The input Block Start
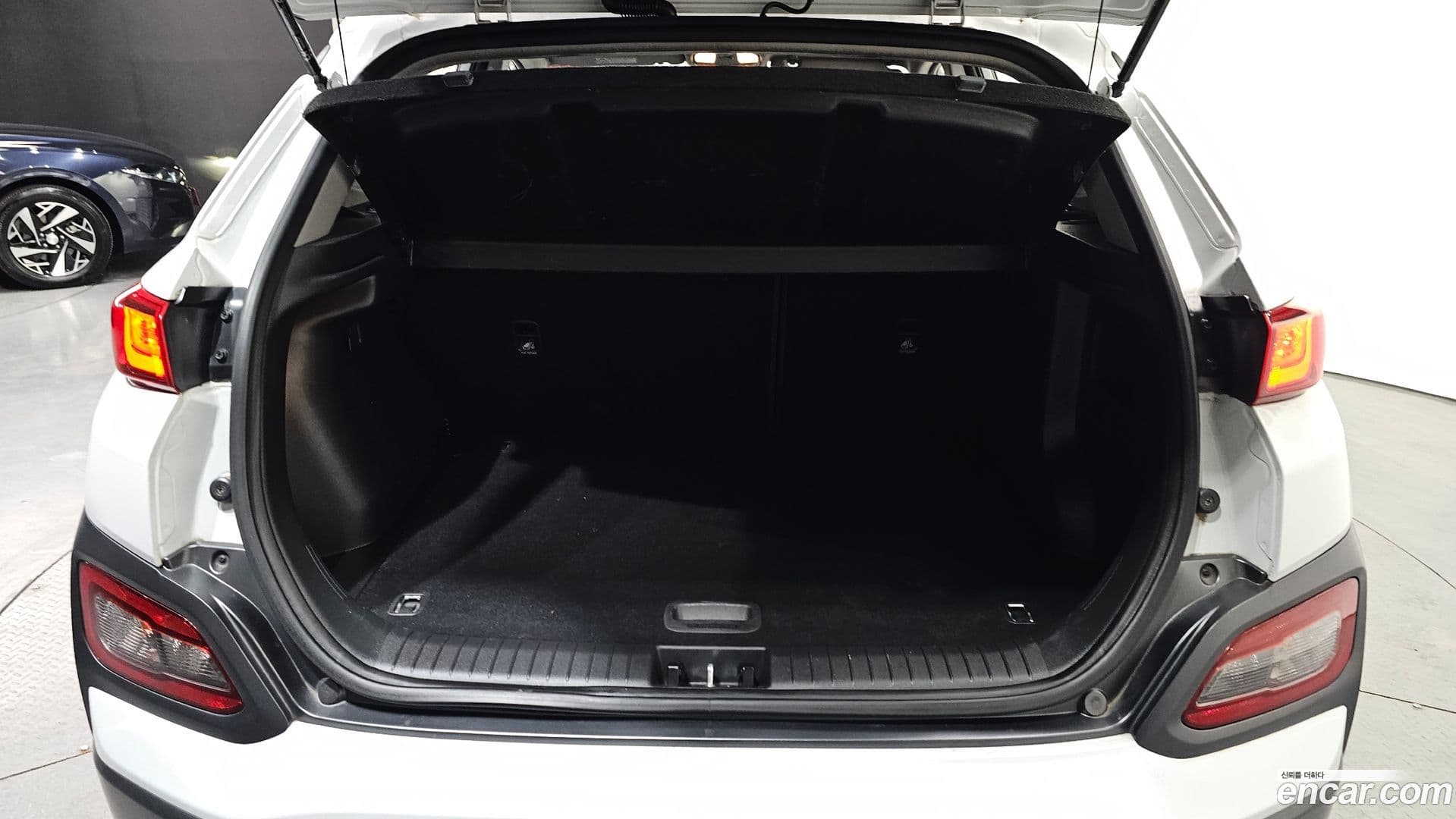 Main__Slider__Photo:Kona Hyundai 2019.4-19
The input Block End
The input Block Start
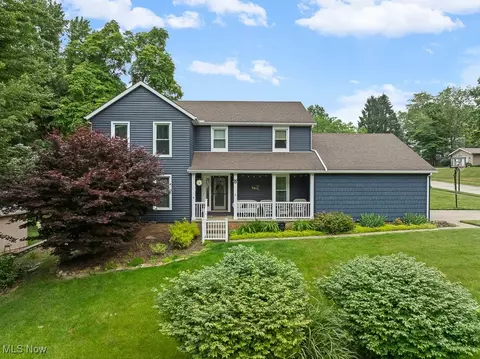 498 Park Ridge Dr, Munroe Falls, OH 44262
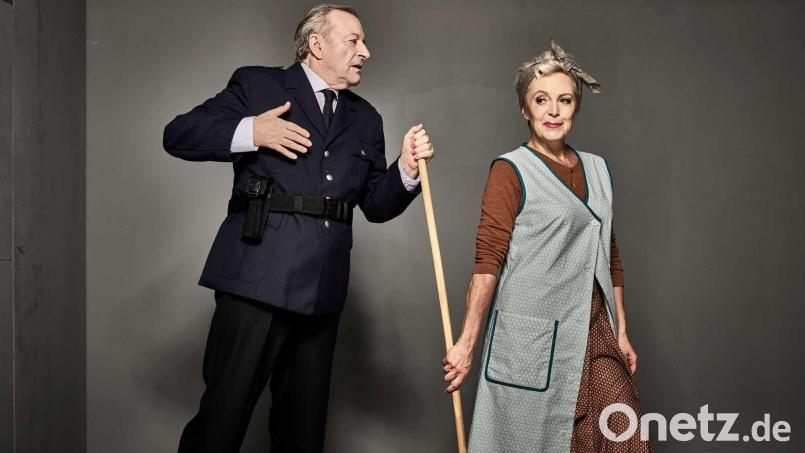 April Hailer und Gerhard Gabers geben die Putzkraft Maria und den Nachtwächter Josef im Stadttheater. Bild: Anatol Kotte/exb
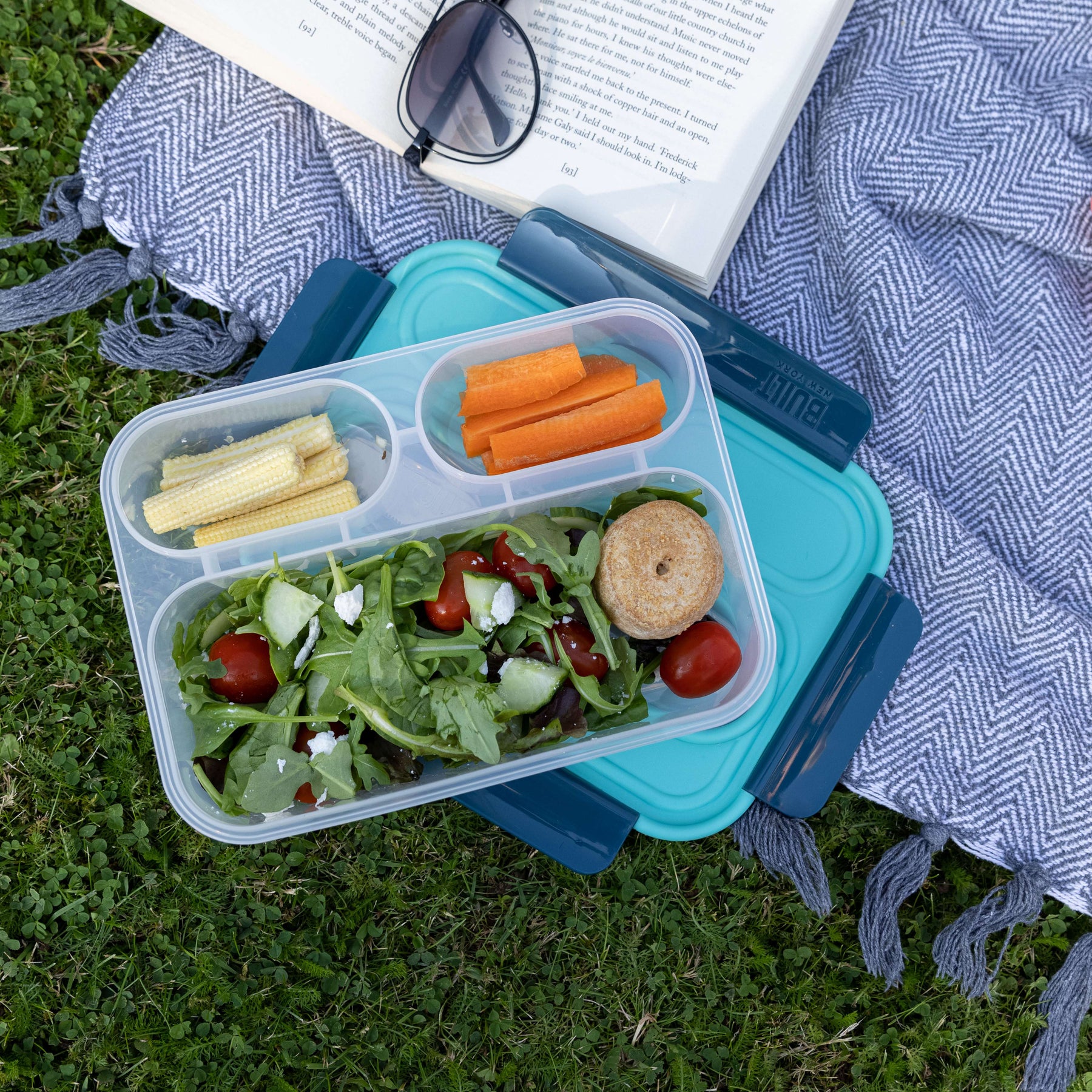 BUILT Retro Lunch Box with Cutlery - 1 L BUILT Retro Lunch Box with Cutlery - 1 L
The input Block End
The input Block Start
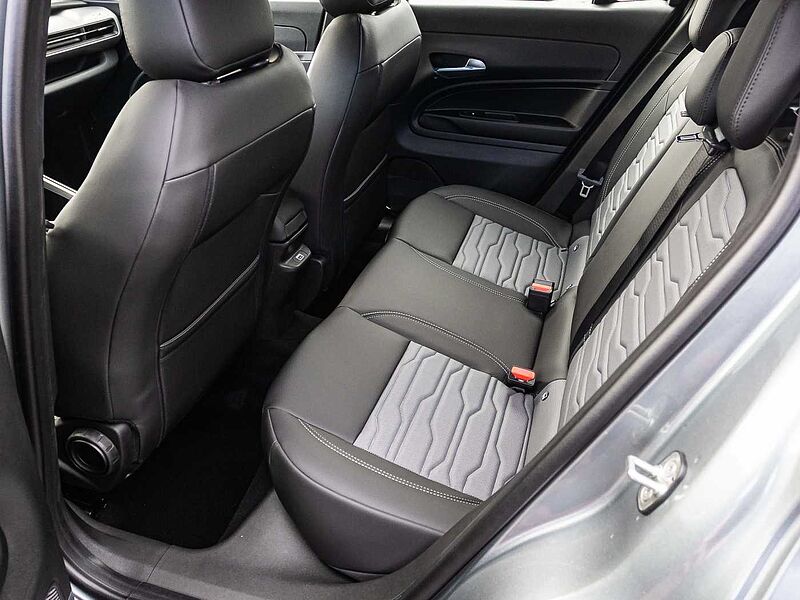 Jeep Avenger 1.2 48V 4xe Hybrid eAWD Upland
The input Block End
→ **Prompt**: Copy exactly the lines of the entries above from the one containing "April Hailer und" through the one containing "BUILT Retro Lunch Box with Cutlery - 1 L BUILT". Both end lines count; pictures do not.

→ **Completed exercise**:
 April Hailer und Gerhard Gabers geben die Putzkraft Maria und den Nachtwächter Josef im Stadttheater. Bild: Anatol Kotte/exb
 BUILT Retro Lunch Box with Cutlery - 1 L BUILT Retro Lunch Box with Cutlery - 1 L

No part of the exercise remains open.